It is felt by a number of APF members that the Government could be doing more to set a strategic intent in relation to reducing arson. The impending refresh of the national fire and Rescue service framework may provide a significant opportunity for the Government to redress this given that 45% of all fires are deliberate (12% of all primary fires) and that arson is increasing after a long period of decline.
At a local level, it is recognised that Fire and Rescue Service Integrated Risk Management Planning should be explicit in terms of arson reduction (where required) and this should link to Police and Crime Commissioner Crime Plans given the need for both police and fire to work better together.
The opportunity to join up Arson reduction activity now that police and fire share the same policy team within the Home Office should not be missed. A focus on increased collaboration at local level should be mirrored in policy terms in Central Government.
The inability to provide Incident Reporting System data (fire and Rescue service activity) remains a limiting factor and this is contrasted sharply with the ability for the public to access police data and local crime information in their local area. The latter provides significant visibility and allows local residents to hold the police to account through provision of information whilst this is not available to the same degree for scrutiny of fire and rescue service activity.
It is disappointing to see that the significant commitment by fire policy officials to the work of the Arson Prevention Forum when in the Department of Communities and Local Government ended with the move of Fire Policy into the Home Office. This would have seemed to be an ideal opportunity to join up Fire and Police Central Government policy.
Central Government policy with respect to Arson in terms of support by officials is subsumed within the Anti-Social Behaviour agenda. Whilst ASB does blight local communities and provides a high volume of low level incidents, this focus does not take into account the £1b in fire losses (of which it is estimated that £250-£450m relates to arson) or the significant lives lost each year as a result of deliberate fires.
It is suggested that a greater focus could be placed on tackling this crime and that the Home Office and Her Majesty's Inspectorate of Constabulary (HMIC) could provide greater transparency on the policing and fire response to arson.
A focus on life protection within the Building Regulations is recognised but at the same time, property protection is important in economic terms as business interruption as a result of arson will see some enterprises going out of business and with it, reduced business rates and lost employment which will have a negative economic impact.
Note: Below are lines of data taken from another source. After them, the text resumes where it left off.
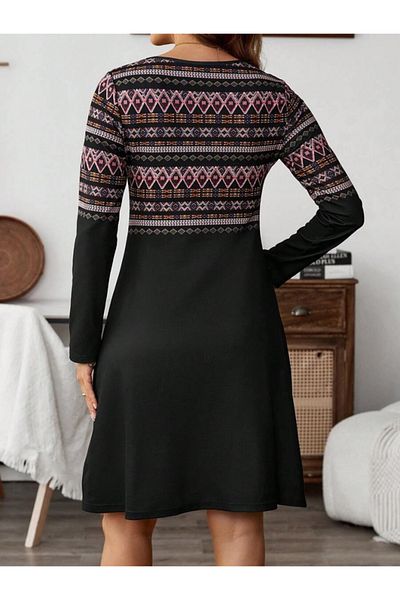 moonvizyon Modavera Women's Long Sleeve Crew Neck Ethnic Print Short Hooded Diver Dress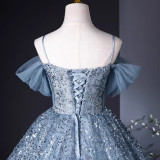 Women spring Off Shoulder annual meeting colored yarn evening dress（Processing time need 3-6 days）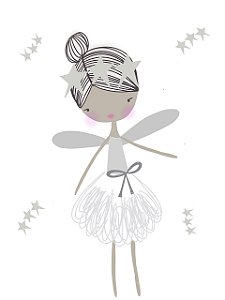 Estampa para Moldura - Bailarina - 01 unidade - Rizzo Embalagens e Festas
As a result of risk assessments conducted following the Grenfell Tower disaster, car parking and storage of refuse where this exists underneath tower blocks (not underground car parks) has been assessed and restrictions put in place in some areas including removal of car parking as well as alternative refuse collection/storage areas. This will reduce the risk of arson as removal of items that could spread fire will mean that the area under flats is more sterile. This could be designed out of future buildings through revision to Approved Document B and remain part of the risk assessment for existing buildings undertaken by the responsible person.